Photo by Douglas Soule

When Congress passed and President Joe Biden signed the $1.2 trillion bipartisan infrastructure bill, they ensured West Virginia would receive at least $6 billion in desperately-needed infrastructure aid over the next five years. 

The bill includes funding for a broad array of infrastructure projects, from drinking water systems and broadband to airports and public transportation. But the largest portion of West Virginia’s money will go toward roads and bridges.

But, while significant, the money can go only so far, and West Virginia’s road and bridge problems go a lot further. The state hasn’t fully-funded repairs for decades, leading to deteriorating bridges and crumbling roads throughout the nation’s sixth-largest highway system. And even the $3 billion slated to go to West Virginia’s roads over the next five years won’t be enough money to fully fund the additional $750 million a year in repairs a state plan recommended.

The effects are felt by West Virginians in places like Kanawha Falls in Fayette County. There, state transportation officials shut down the bridge connecting the small community to U.S. 60 due to damage. That was in 2018; the bridge is still closed.

Robert E. Pritt Jr. lives less than a mile from the bridge. He says the commute from his house in Kanawha Falls to Gauley Bridge, where he goes twice a month to pay bills and shop, used to be five minutes. Now it takes 45 minutes, forcing him to cross the Kanawha River all the way over in Montgomery, which can only be reached through a road that he says is hazardous. 

“[State officials] don’t care about us, even though we pay taxes,” he said. “If I had to call the law, somebody breaking in on me, trying to kill me, if I had to call the law by the time law got here I’d done be dead and probably halfway rotten.”

Senate Minority Leader Stephen Baldwin, who represents the area, said he understands his constituents feel abandoned.  There hasn’t been enough money to go around to cover all infrastructure projects, and he said that smaller communities “always get the short end of the stick.”

“It is simply a less attractive project to [the state] because it serves fewer people and costs some significant amount,” he said. “What I try to impart to [the state] is the human toll. OK, it’s only a couple of dozen families. But that’s their life.”

And the longer infrastructure problems like those that ultimately closed the Kanawha Falls bridge go unaddressed, the harder and more expensive they are to fix.
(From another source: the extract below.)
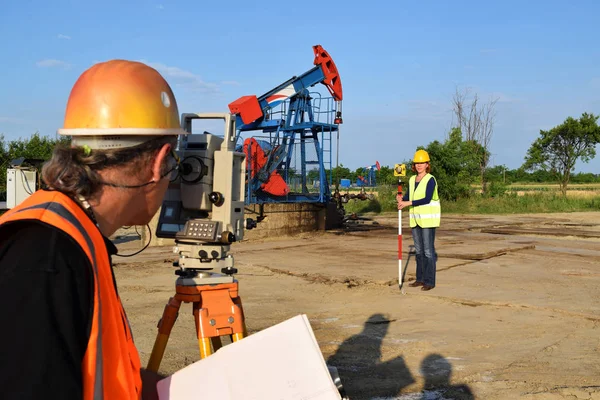 Δύο geodets κατά την εργασία σε μια πετρελαιοπηγή — Φωτογραφία Αρχείου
“Every state — not just West Virginia — has kicked the can down the road and deferred maintenance,” said Dave Meadows, a civil engineer in Putnam County. “But we can’t catch it up in one, five-year increment. It’s going to take multiple increments of funding.”

Historic underinvestment 

Jimmy Wriston, West Virginia’s transportation secretary, says West Virginia has underinvested in its roads and bridges for decades. 

By 2012 it had gotten to the point where then-Gov. Earl Ray Tomblin issued an executive order forming the West Virginia Blue Ribbon Commission on Highways. Made up of government officials, advocates and industry experts, the commission was tasked not only with studying the conditions and needs of the state’s highway system, but also the development of a long-term strategic plan to fund maintenance and expansion.

In 2015, the commission published its report. It found that if the state did not allocate any additional money annually for repairs, highway quality would “continue to deteriorate at an alarming rate and lead quickly to a very unsatisfactory level.”

It would take an additional $400 million a year — over what the state was already spending — to keep highway quality at its current level, the commission said, and an additional billion dollars annually for the system to “display little or no deficiencies and those that did exist would be on lower volume roads.”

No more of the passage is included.